Испытав на себе излишнее рвение местного «мордоворота», санитара Бореньки, к порядку (который он творит кулаками), Гуревич планирует коварный план мести. План предполагает похищение из кабинета дежурной медсестры бутыля со спиртом и общего распития оного компанией буйных и не очень собратьев по палате. Ну а затем Гуревич планирует отвоевать свою Беатриче — дежурную медсестру у Бореньки, и… Что он планировал далее зритель так и не узнает. Добытый хитростью спирт оказывается метиловым и Вальпургиева ночь распахивает свои двери для шести мятущихся больничных душ.

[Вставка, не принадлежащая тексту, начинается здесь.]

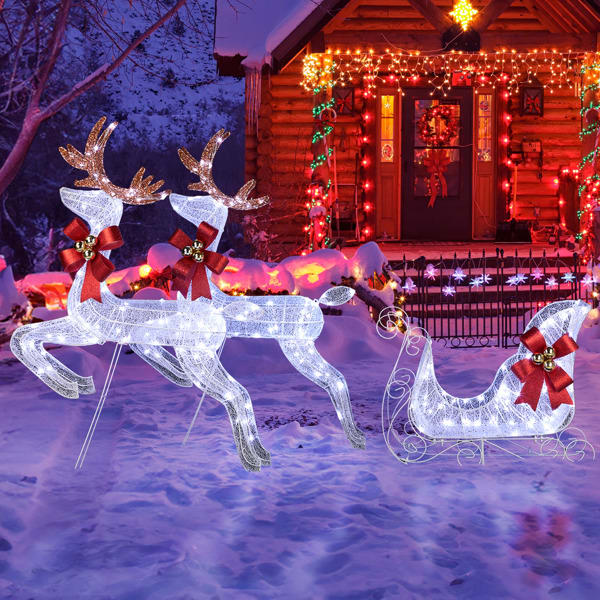 211X27.5X100cm Deer Sled, White Light, Powder Mesh, Christmas Lights, Reindeer view 9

С первых минут пьесы на авансцене бережно перенесенный из источника алкогольно-сюрреалистический текст «Вальпургиевой ночи». Со всеми его абсурдными диалогами, критичной заштампованностью политическими лозунгами СССР, сарказмом, вычурной витиеватостью и тонкой сатирой, за которыми скрывается печаль глубокого понимания действительности, окружающей писателя (и худрука театра?). При этом сыгранный актерами театром текст Ерофеева наполняет пьесу не только смыслом, но и индивидуальностью каждого характера, а потому провоцирует еще более яркую эмпатию со стороны зала. Читать о героях и видеть их мучения воочию, читать о смерти и видеть ее — пусть осознаваемо бутафорскую — страшно.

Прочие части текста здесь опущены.